The input -
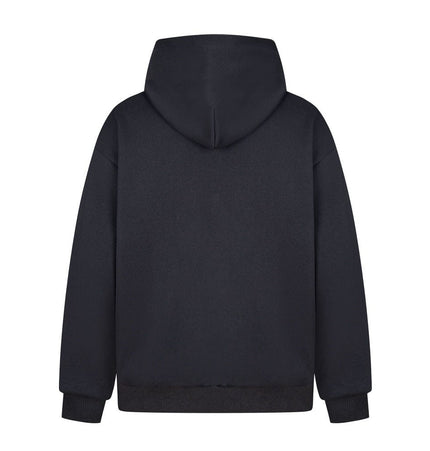 TALKLESSFASHION high street trendy zip Letter print hoodie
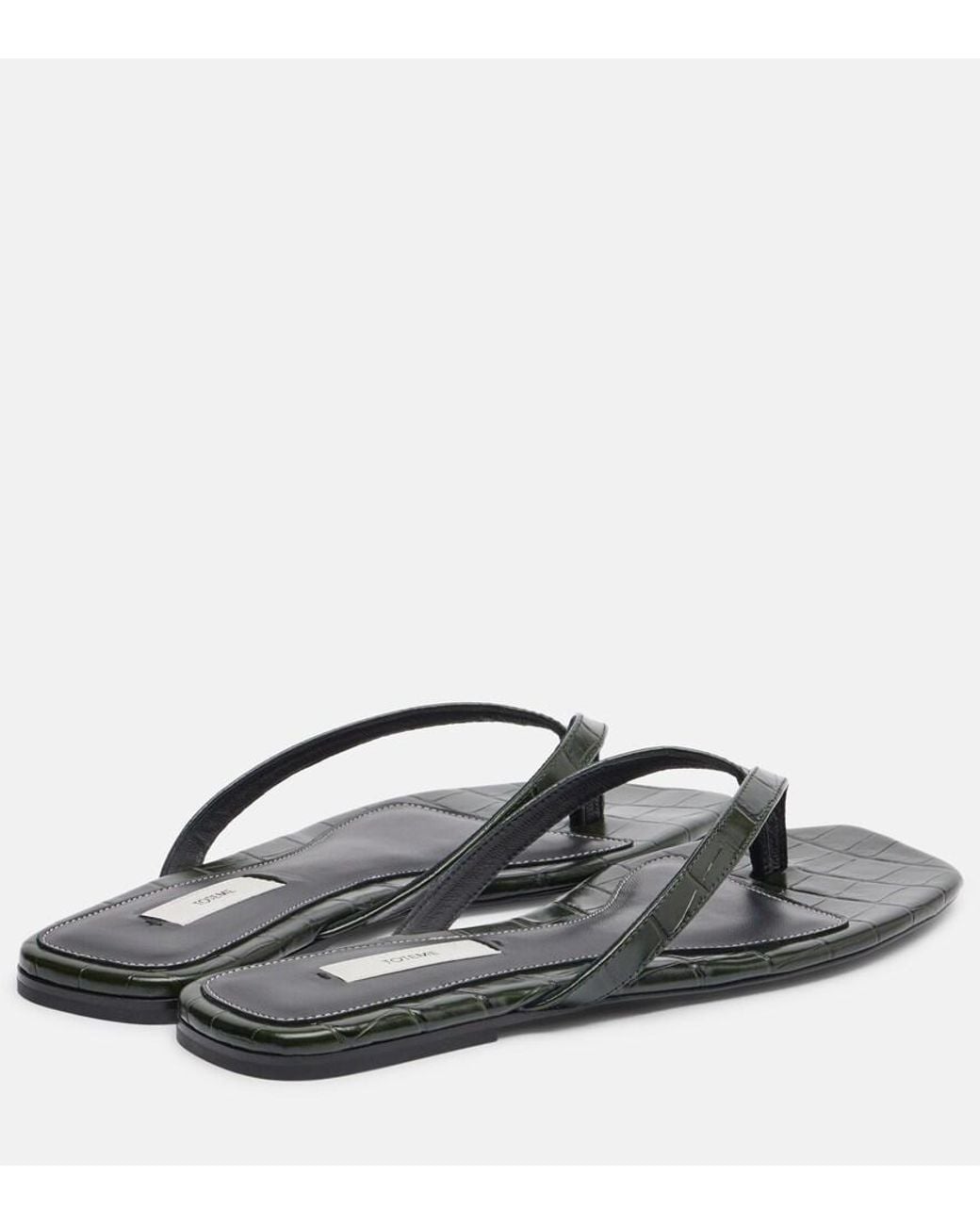 Totême  Gray Croc-Effect Leather Thong Sandals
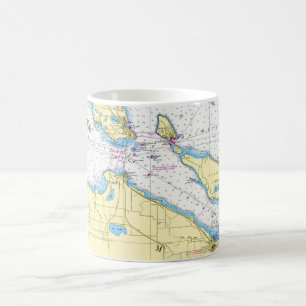 Mug Carte nautique des détroits de Mackinac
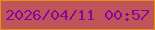 文字の大きさ：3、枠の色：e29114、背景の色：c1545b、文字の色：83089d 無料ブログパーツのブログ時計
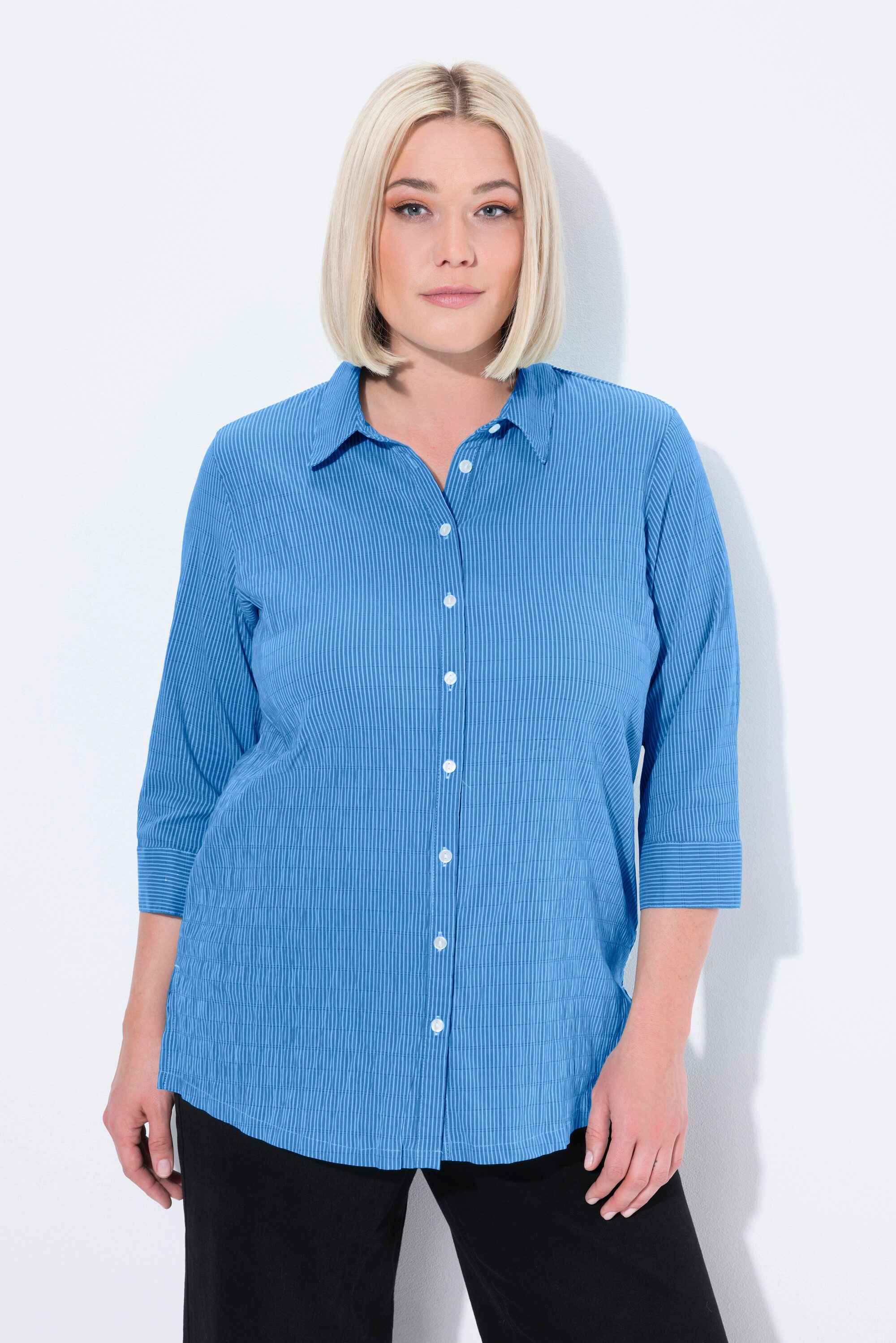 Ulla Popken Hemdbluse Bubble-Bluse Streifen Hemdkragen günstig online kaufen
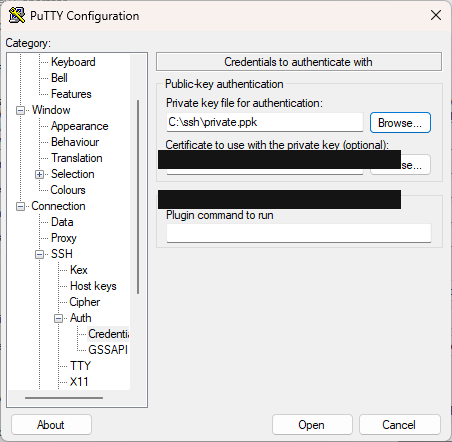 PuTTY Connection SSH Auth mit Feld für den privaten Schlüssel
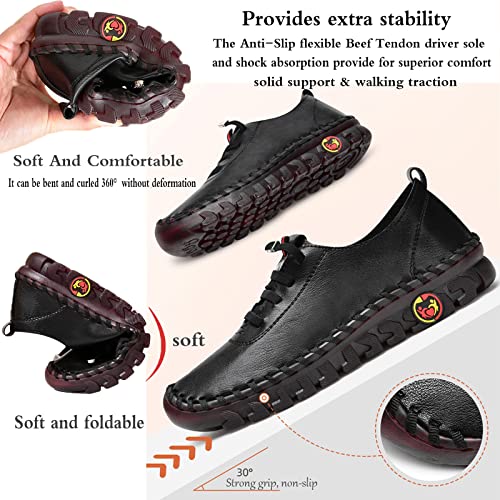 Women's Leather Soft Beef Tendon Flat Bottom Loafers Slip-On Handmade Round Toe Non-Slip Breathable Mom Leisure Walk Shoes (Red,10,Women,10) #TOP5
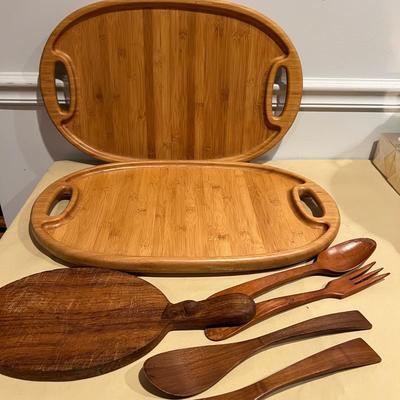 Bamboo Trays & Wooden Kitchen Accessories Lot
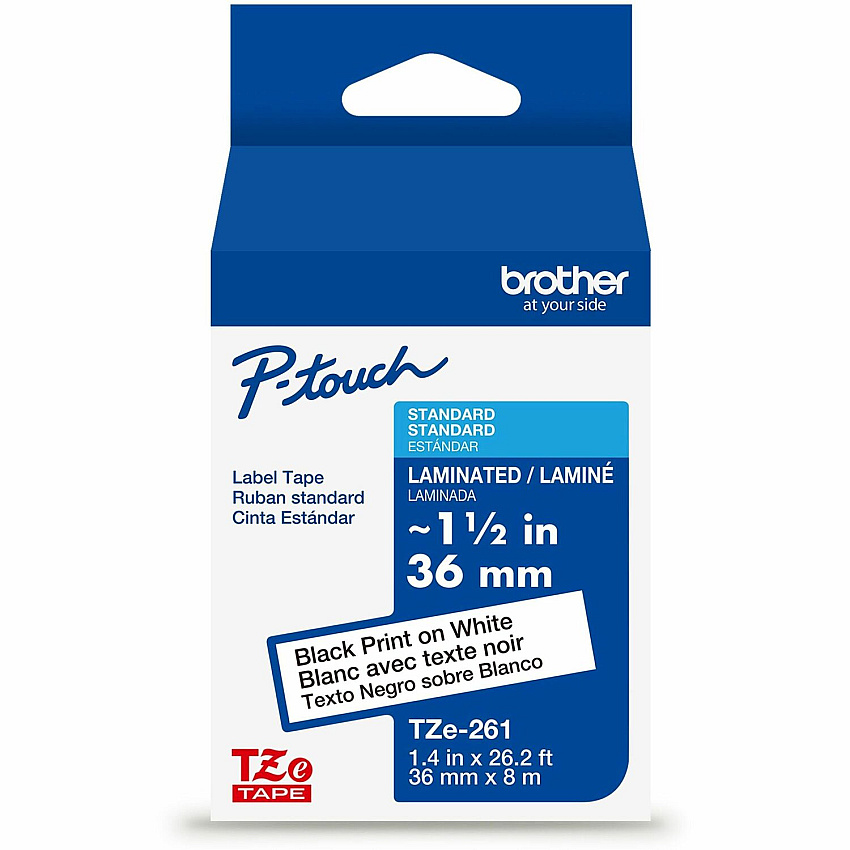 P-touch Genuine TZe261 BK on WHT Label Tape, Laminated, 36mmX8m 1 27/64" Width - White - Laminated - Water Resistant - 1 Each (TZE261G)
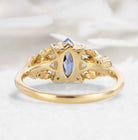 Nature Inspired Leaf Cornflower Sapphire Marquise Engagement Ring - Sylphira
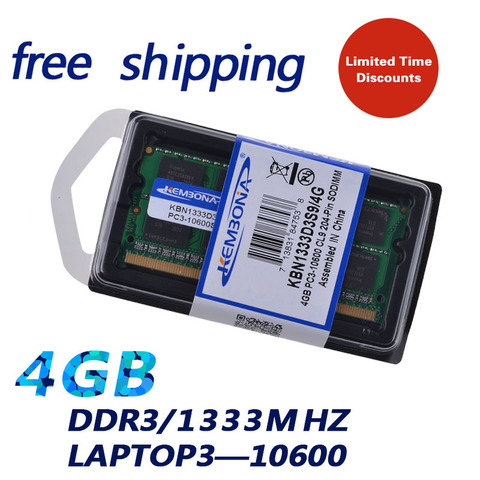 KEMBONA Laptop RAM 4GB DDR3 1333MHZ Notebook  PC3 10600 SODIMM Memory ram 204PIN ► Photo 1/2
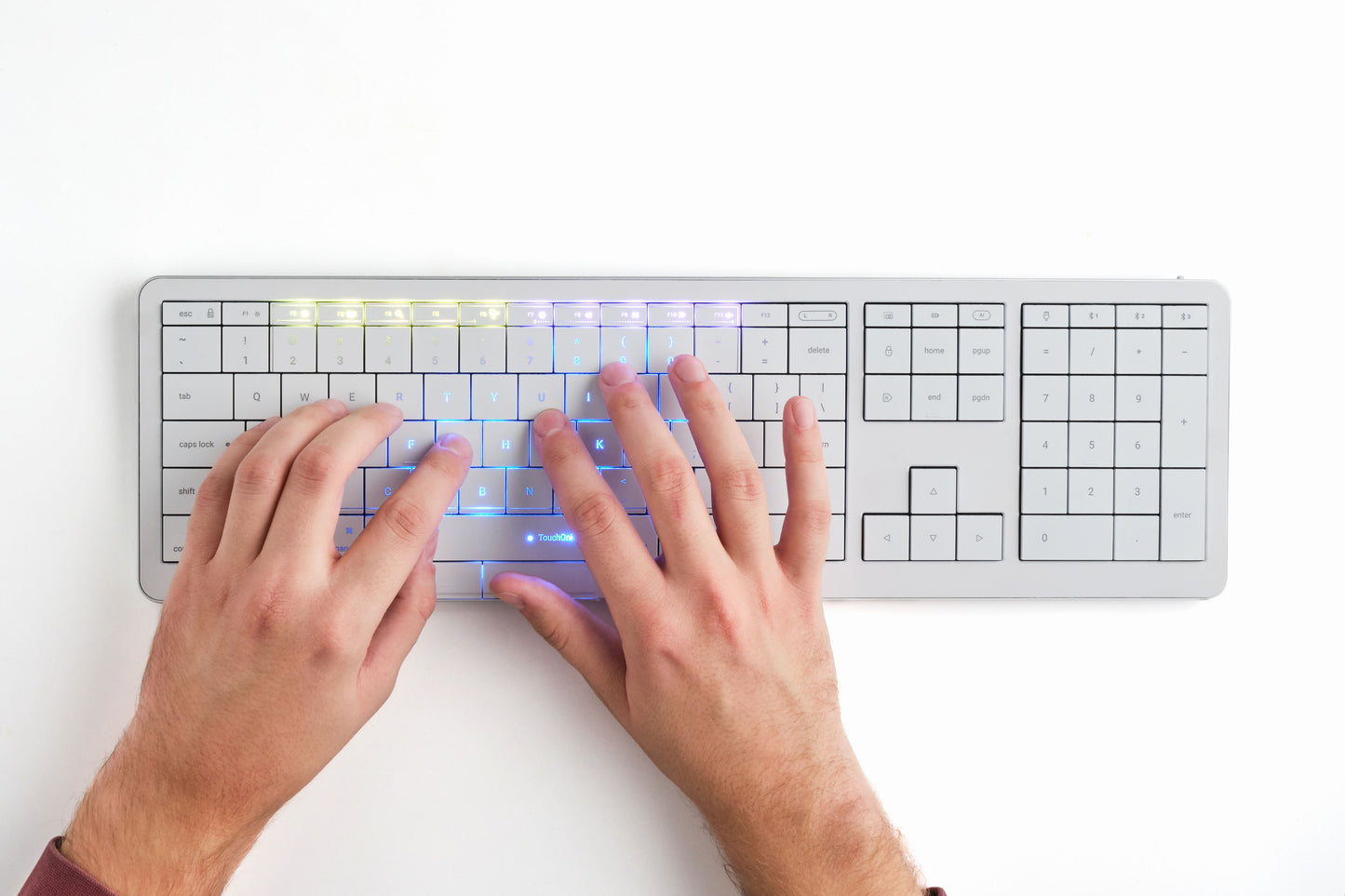 Klawiatura dotykowa CLEVETURA CLVX 1 RGB MacOS Windows Linux Biała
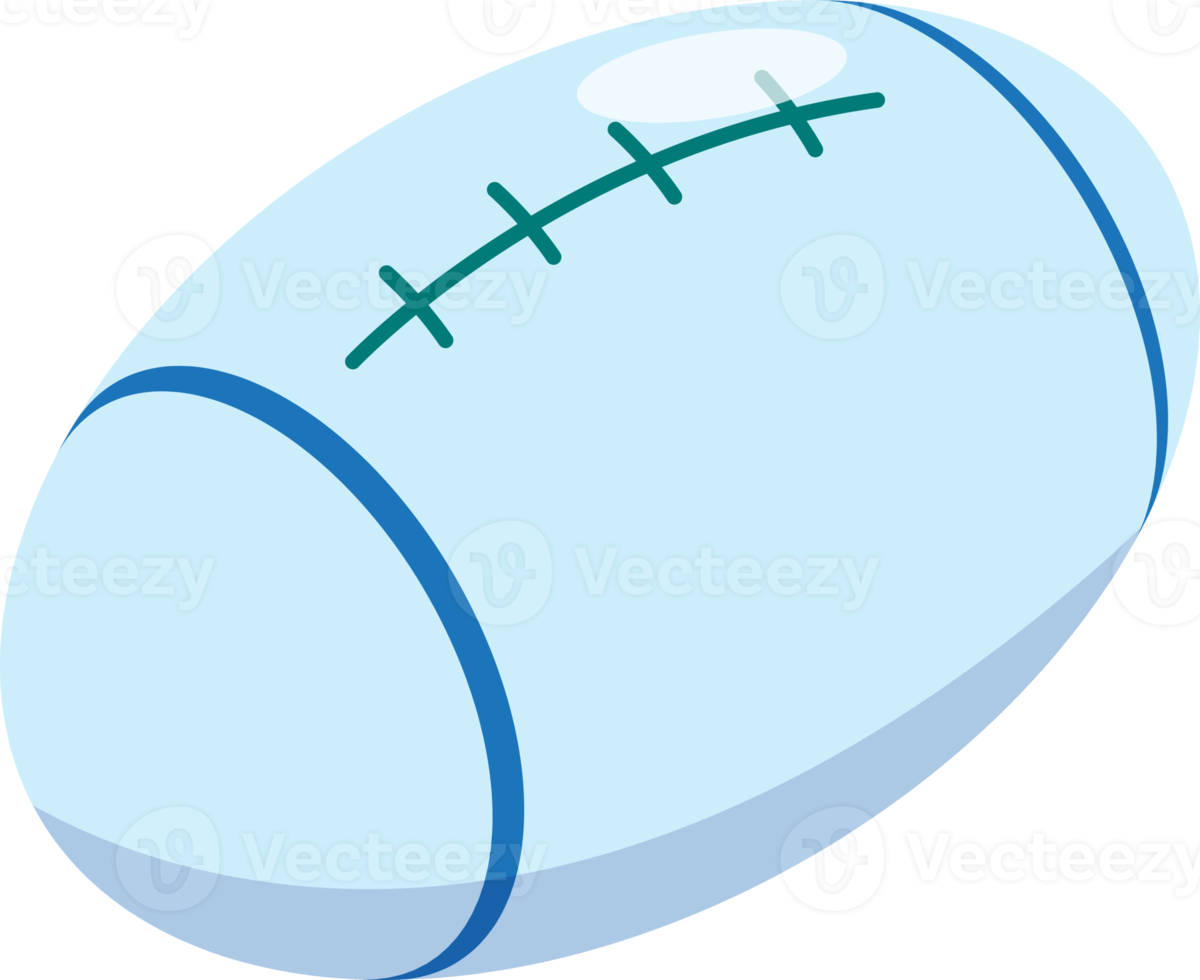 rugby ball illustration in 3D isometric style png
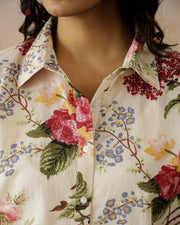 Flower Printed Cotton Top For Women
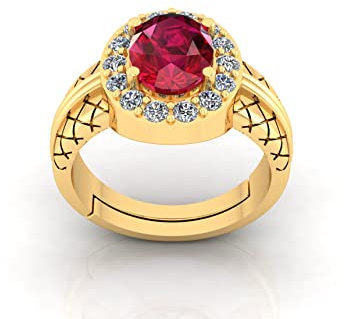JEMSPRIME 5.25 Ratti Natürlicher Rubin-Manik-Ring, loser Edelstein, vergoldet, Geburtsstein, Astrologie, Rashi Ratan, verstellbarer Ring für Damen und Herren, Messing, Rubin, Messing, Rubin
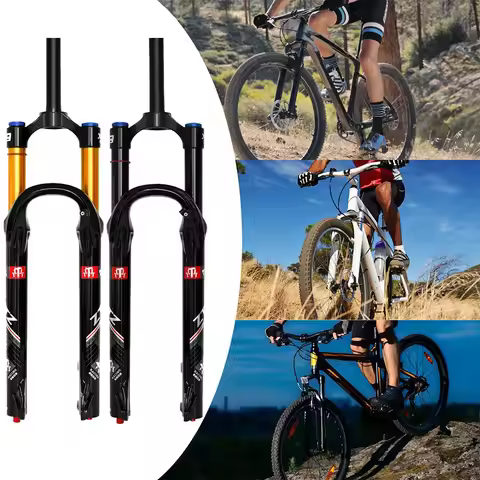 ZTZ 26/27.5/29 Inch Mountain Bike Air Suspension Fork Rebound Adjust 9x100mm Manual Lockout Front Fo
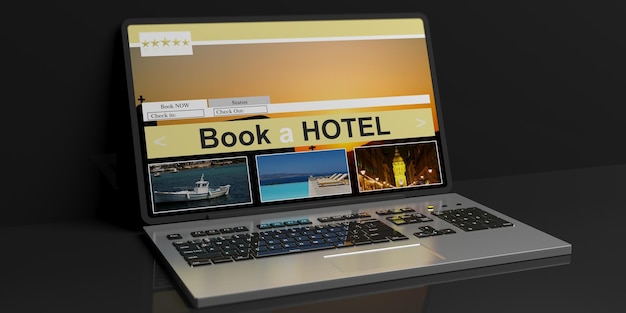 Foto 3d-rendering online hotelreservering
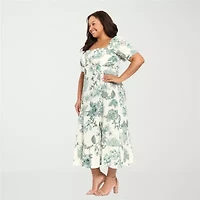 London Times Womens Plus Midi Square Neck Short Sleeve Puffed Floral Fit + Flare Dress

Activity -
The expected response is every line of the material, written out exactly, with the images removed.

Written solution -
 TALKLESSFASHION high street trendy zip Letter print hoodie
 Totême  Gray Croc-Effect Leather Thong Sandals
 Mug Carte nautique des détroits de Mackinac
 文字の大きさ：3、枠の色：e29114、背景の色：c1545b、文字の色：83089d 無料ブログパーツのブログ時計
 Ulla Popken Hemdbluse Bubble-Bluse Streifen Hemdkragen günstig online kaufen
 PuTTY Connection SSH Auth mit Feld für den privaten Schlüssel
 Women's Leather Soft Beef Tendon Flat Bottom Loafers Slip-On Handmade Round Toe Non-Slip Breathable Mom Leisure Walk Shoes (Red,10,Women,10) #TOP5
 Bamboo Trays & Wooden Kitchen Accessories Lot
 P-touch Genuine TZe261 BK on WHT Label Tape, Laminated, 36mmX8m 1 27/64" Width - White - Laminated - Water Resistant - 1 Each (TZE261G)
 Nature Inspired Leaf Cornflower Sapphire Marquise Engagement Ring - Sylphira
 KEMBONA Laptop RAM 4GB DDR3 1333MHZ Notebook  PC3 10600 SODIMM Memory ram 204PIN ► Photo 1/2
 Klawiatura dotykowa CLEVETURA CLVX 1 RGB MacOS Windows Linux Biała
 rugby ball illustration in 3D isometric style png
 Flower Printed Cotton Top For Women
JEMSPRIME 5.25 Ratti Natürlicher Rubin-Manik-Ring, loser Edelstein, vergoldet, Geburtsstein, Astrologie, Rashi Ratan, verstellbarer Ring für Damen und Herren, Messing, Rubin, Messing, Rubin
 ZTZ 26/27.5/29 Inch Mountain Bike Air Suspension Fork Rebound Adjust 9x100mm Manual Lockout Front Fo
 Foto 3d-rendering online hotelreservering
 London Times Womens Plus Midi Square Neck Short Sleeve Puffed Floral Fit + Flare Dress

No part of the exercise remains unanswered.